Pensioners face £200m tax gamble
Inland Revenue officials have this week been accused of hardline tactics that force pension fund trustees to gamble with millions of pounds of pensioners' money.
Inland Revenue officials have this week been accused of hardline tactics that force pension fund trustees to gamble with millions of pounds of pensioners' money.
The row has erupted following a landmark decision last week over the tax treatment of a series of share buybacks by companies between September 1994 and October 1996.
Despite losing the judgment, the Revenue is still trying to claw back the resulting tax credits gained by the pension funds who owned bought-back shares before an appeal is heard. Tax experts say around Pounds 200m is at stake.
Pension funds that benefited from the schemes now face the choice of settling the long-running dispute or having to pay back the credits in full if the appeal by the taxman is successful.
The Inland Revenue Special Commissioners’ decision related to two share buybacks in 1996 by utility giant Powergen from the pension fund of Omega.But it has now emerged that the Revenue, which is appealing against the decision, has
told pension fund trustees they could reach a settlement now to avoid paying back the full amount if the appeal goes in the Revenue’s favour. ‘This places trustees in a very difficult position,’ said one source close to the case.

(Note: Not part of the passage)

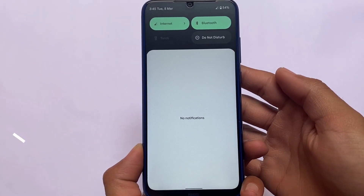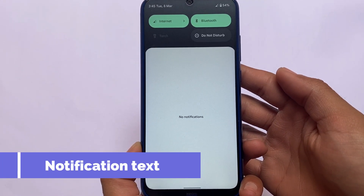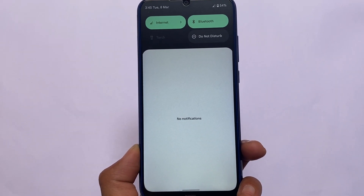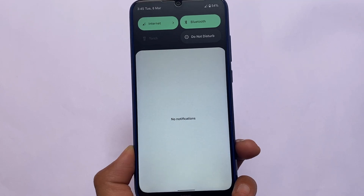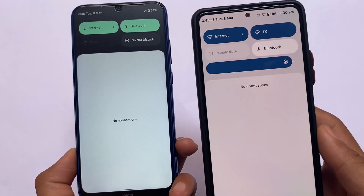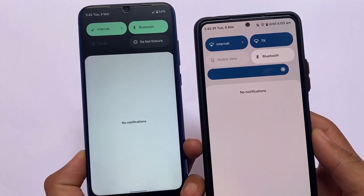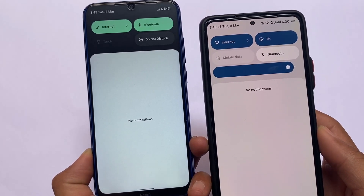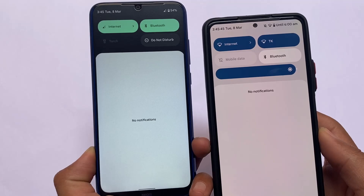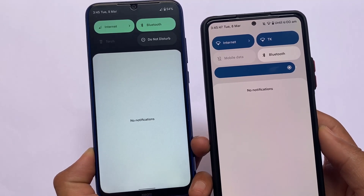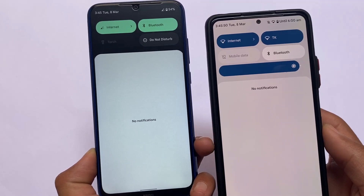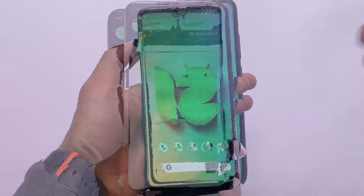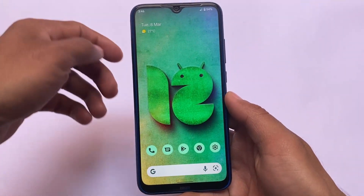One more change: when there are no notifications, the 'no notifications' text is now displayed at the center of the screen. In normal Android 12, that text appears just below the brightness slider, but in Android 12L it is centered. This looks interesting and I think it's a very good change.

If the appeal failed, the pension funds would not be required to return tax credits, and other funds which had settled prior to the judgement could be able to re-negotiate with the Revenue. ‘In some cases you are talking about seven-figure amounts,’ said Paul Lynam, tax director at KPMG. ‘Trustees will need to decide what to do with their pensioners’ money,’ he added.
A Revenue spokesperson denied the investigators were putting pension fund trustees under pressure to settle.